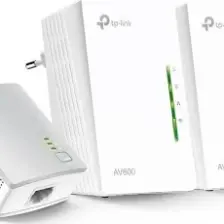 TP-Link TL-WPA4220 TKIT | Powerline Adaptör Seti | AV600 + N300 Mbps | Ethernet Port | Stabil Bağlantı | Kolay Kurulum | Tak ve Çalıştır | Tüm Modem ve Router Modelleri ile Uyumludur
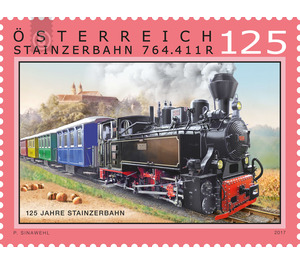 125 years  - Austria / II. Republic of Austria 2017 - 125 Euro Cent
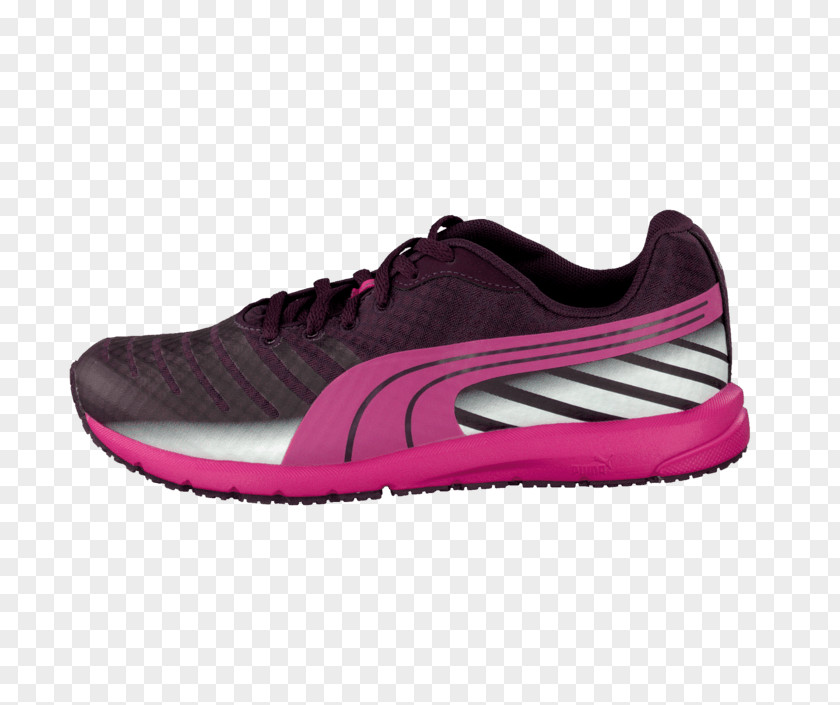 Purple Black Puma Shoes For Women Sports Skate Shoe Basketball Hiking Boot PNG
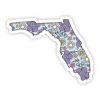 Florida Floral Sticker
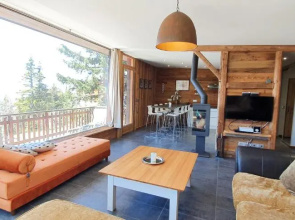Grand Chalet Standing Avec Jacuzzi à Chamrousse ski 1750
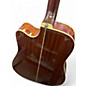 Used Epiphone DR500MCE Masterbuilt Natural Acoustic Electric Guitar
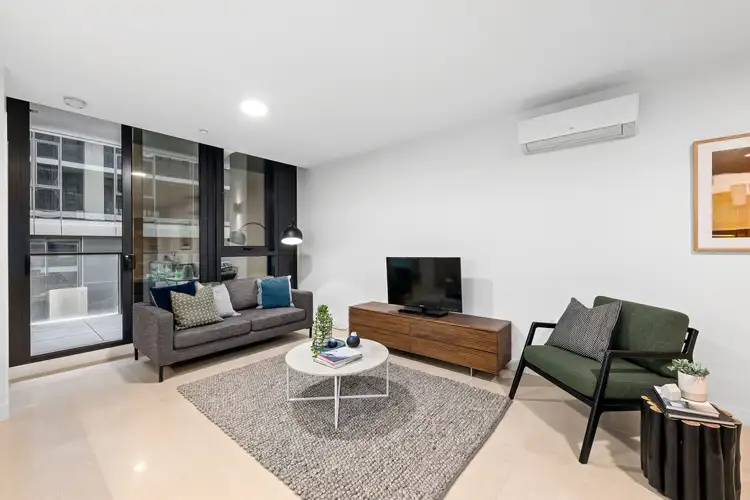 Main view of Homely apartment listing, 1109/12 Queens Road, Melbourne VIC 3004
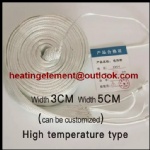 Glass fiber heating tape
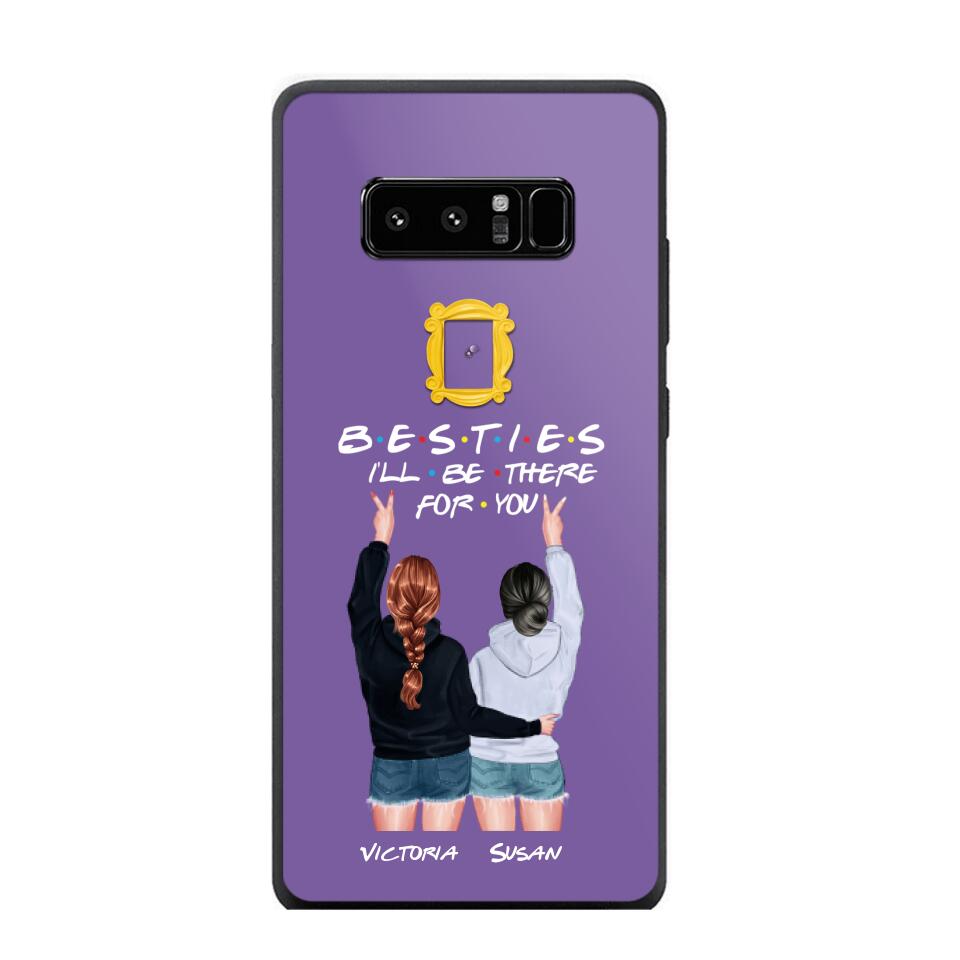 Personalized Bestie I'll Be There For You Phonecase QTDT1008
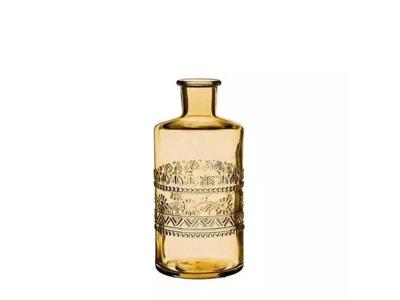 Fles porto ocre, dia. 7,5x14,5 cm Hortus - Hortus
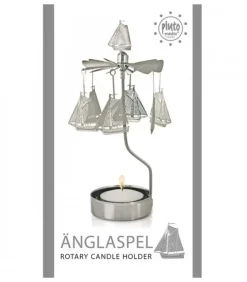 Pluto Produkter, déco de Noël Scandinave Bougeoirs Carrousels Photophore De Noël|Bougeoir Carrousel Voiliers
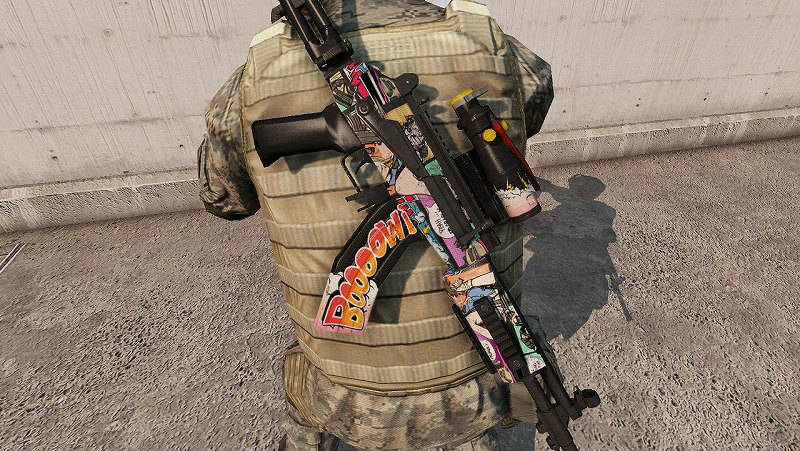 「スペシャルフォース2」個性的な武器で闘い抜く新モード「特殊武器戦」が実装の画像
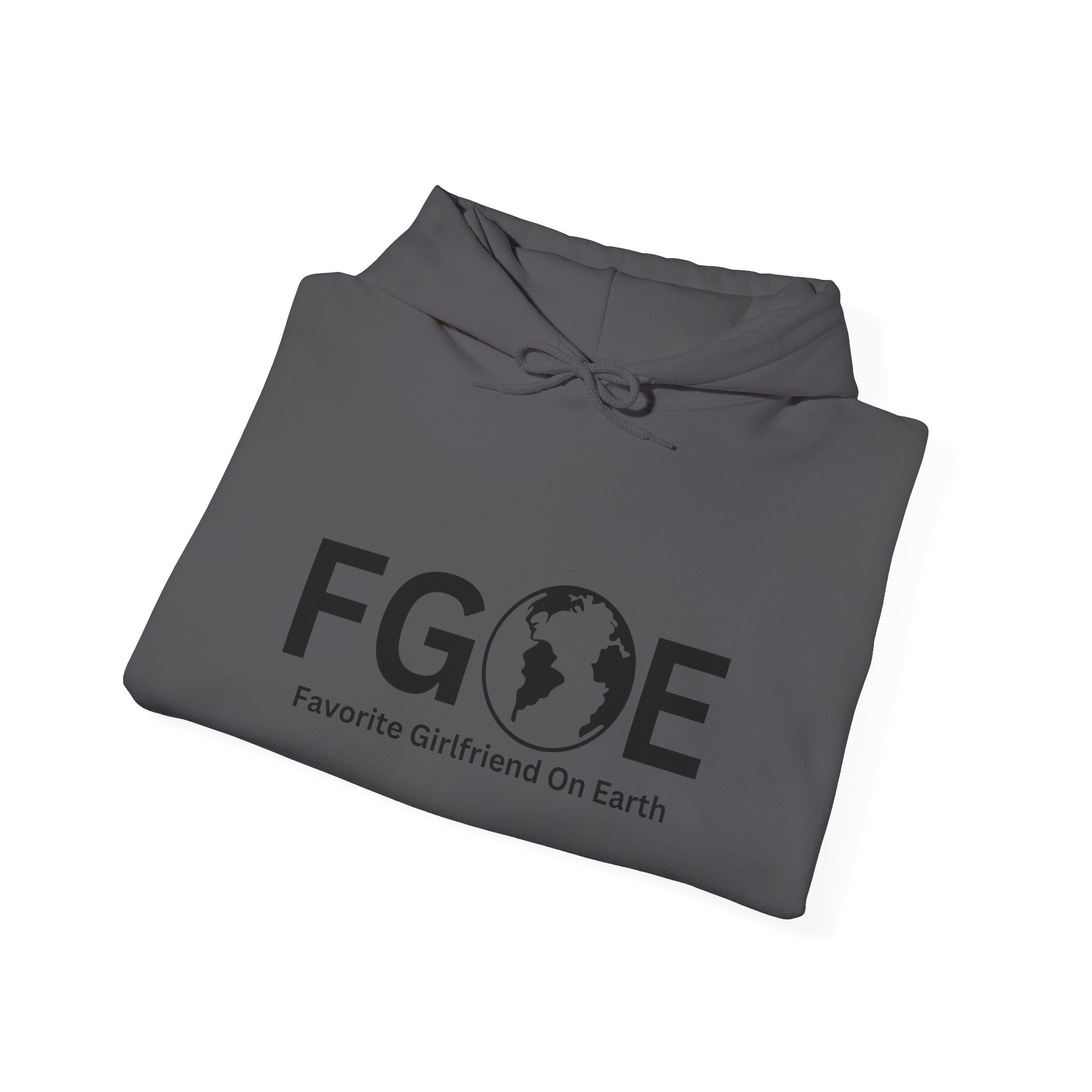Favorite Girlfriend On Earth (FGOE) - Unisex Heavy Blend Hooded Sweatshirt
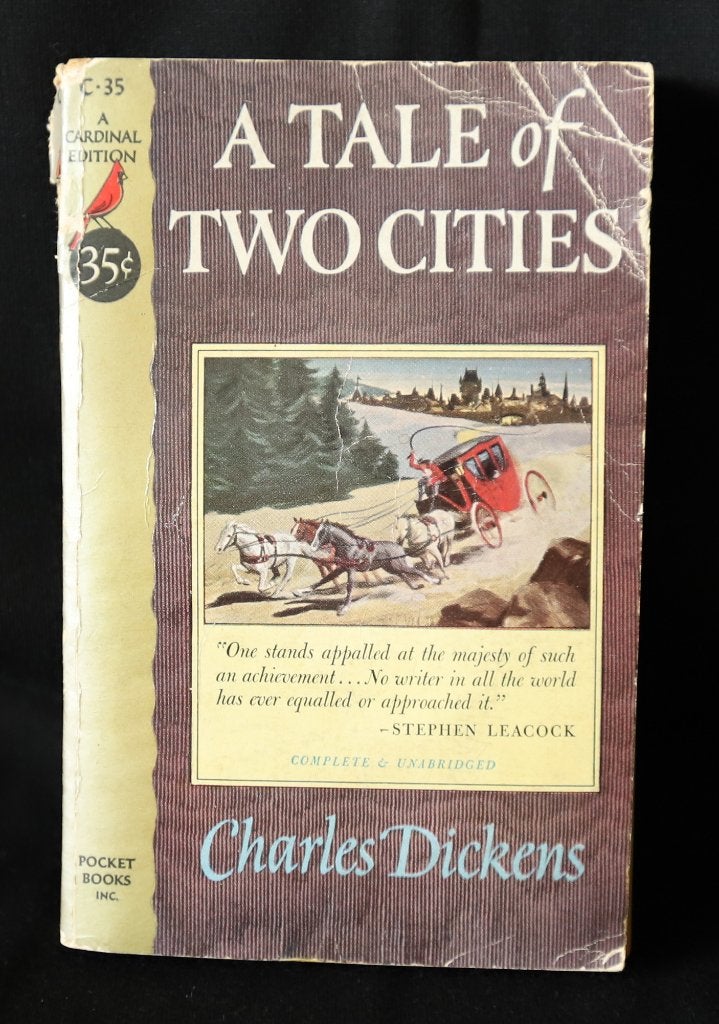 Charles Dickens., Ophalen of Verzenden, Gelezen, Charles Dickens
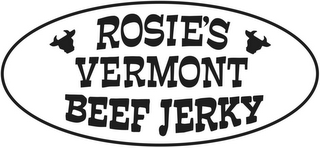 ROSIE'S VERMONT BEEF JERKY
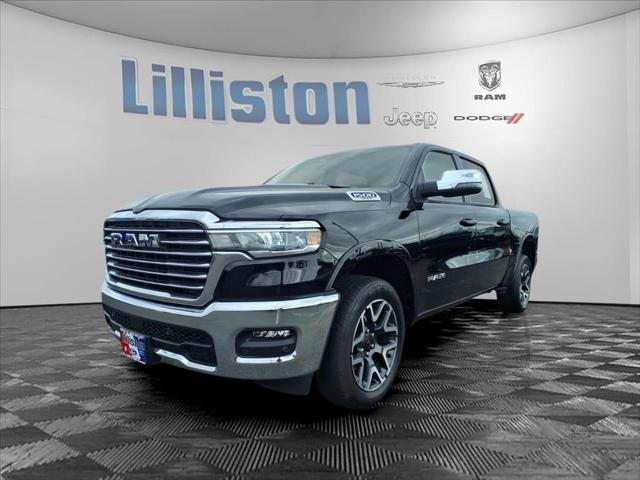 2025 RAM 1500 Laramie Crew Cab 4x4 57 Box 2025 RAM 1500 Laramie Crew Cab 4x4 57 Box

##########

- Task details -
An exact transcription of the records above is needed, with no pictures included.

- Expected output -
 TP-Link TL-WPA4220 TKIT | Powerline Adaptör Seti | AV600 + N300 Mbps | Ethernet Port | Stabil Bağlantı | Kolay Kurulum | Tak ve Çalıştır | Tüm Modem ve Router Modelleri ile Uyumludur
 125 years  - Austria / II. Republic of Austria 2017 - 125 Euro Cent
 Purple Black Puma Shoes For Women Sports Skate Shoe Basketball Hiking Boot PNG
 Florida Floral Sticker
Grand Chalet Standing Avec Jacuzzi à Chamrousse ski 1750
 Used Epiphone DR500MCE Masterbuilt Natural Acoustic Electric Guitar
 Main view of Homely apartment listing, 1109/12 Queens Road, Melbourne VIC 3004
 Glass fiber heating tape
 Personalized Bestie I'll Be There For You Phonecase QTDT1008
 Fles porto ocre, dia. 7,5x14,5 cm Hortus - Hortus
 Pluto Produkter, déco de Noël Scandinave Bougeoirs Carrousels Photophore De Noël|Bougeoir Carrousel Voiliers
 「スペシャルフォース2」個性的な武器で闘い抜く新モード「特殊武器戦」が実装の画像
Favorite Girlfriend On Earth (FGOE) - Unisex Heavy Blend Hooded Sweatshirt
 Charles Dickens., Ophalen of Verzenden, Gelezen, Charles Dickens
 ROSIE'S VERMONT BEEF JERKY
 2025 RAM 1500 Laramie Crew Cab 4x4 57 Box 2025 RAM 1500 Laramie Crew Cab 4x4 57 Box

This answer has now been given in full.